Aan het eind van de pathetische rede steekt hij twee handen in de lucht. „Ik heb een olijftak bij me en het geweer van een vrijheidsstrijder. Zorg dat de olijftak niet uit mijn hand valt.” Blijkbaar waren in 1974 de veiligheidsinstructies bij dit soort vergaderingen nog zodanig dat je met een geweer in je hand de zaal binnen kon lopen.
Twintig jaar later, in 1994, staat Arafat opnieuw in de schijnwerpers met zijn olijftak. Samen met de Israëlische premier Rabin en de Israëlische minister van Buitenlandse Zaken, Peres, ontvangt hij de Nobelprijs voor de Vrede.
Heeft Arafat de olijftak laten vallen? In ieder geval heeft hij, ook na 1974, zijn geweer stevig vastgehouden. Arafat is geen vredesduif geweest. De zelfmoordaanslagen van zijn mannen en vrouwen in Israëlische bussen en op andere drukke plaatsen liggen nog vers in het geheugen. Dat geldt ook voor de moord op elf Israëlische sporters bij de Olympische Spelen in München (1972) en bomaanslagen op diverse passagiersvliegtuigen.
Arafat heeft sinds 1974 zelf niet vaak de trekker meer overgehaald.

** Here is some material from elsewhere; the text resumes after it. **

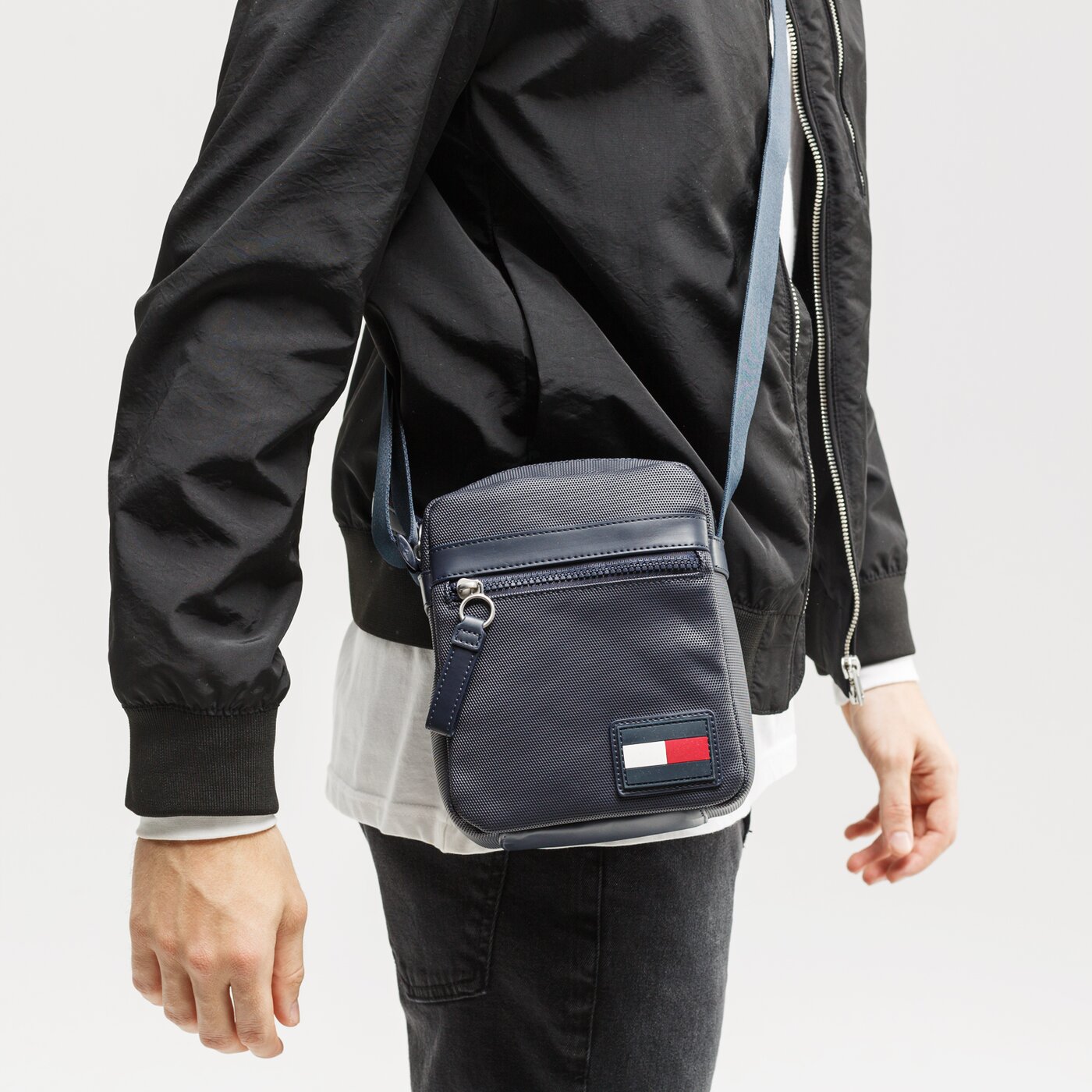 TOMMY HILFIGER TORBA SPORT PIQUE MINI REPORTER am0am05805cjm kolor granatowy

Toch was hij het die telefonisch opdracht gaf voor liquidaties, die achter de schermen aan de touwtjes trok. Palestijnse kinderen liepen in de frontlinies. Het opgebouwde vermogen van honderden miljoenen dollars, waaronder subsidies van westerse landen en steekpenningen van investeerders, gebruikte hij niet om de armoedige leefomstandigheden van de Palestijnen te lenigen, maar om acties en aanslagen te financieren. Terroristen die hij eerst arresteerde, liet hij vervolgens weer lopen. Weliswaar had hij de laatste jaren minder grip op radicale Palestijnse bewegingen zoals Hamas, maar zijn protest tegen hun acties was slechts afgedwongen en uiterst zwak. Ook daarvoor zal hij verantwoording moeten afleggen.

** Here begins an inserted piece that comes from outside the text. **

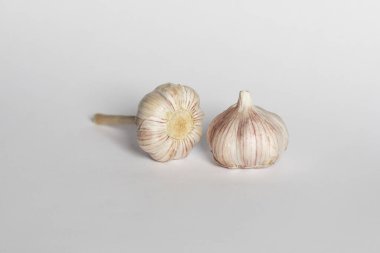 Beyaz arka planda sarımsak izole edilmiş. Yakın çekim, gün ışığı.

Niet zonder reden beschouwde de Israëlische premier Sharon Arafat als een obstakel op de weg naar vrede. Is met diens overlijden het geweer geknakt en krijgt de olijftak een nieuwe kans? Dat hangt voor een belangrijk deel af van zijn opvolger. Sharon heeft met zijn besluit om de nederzettingen van kolonisten te ontruimen een handreiking gedaan. Met een nieuwe gematigde Palestijnse leider, die bereid is terreur de oorlog te verklaren, kan hij opnieuw om de tafel.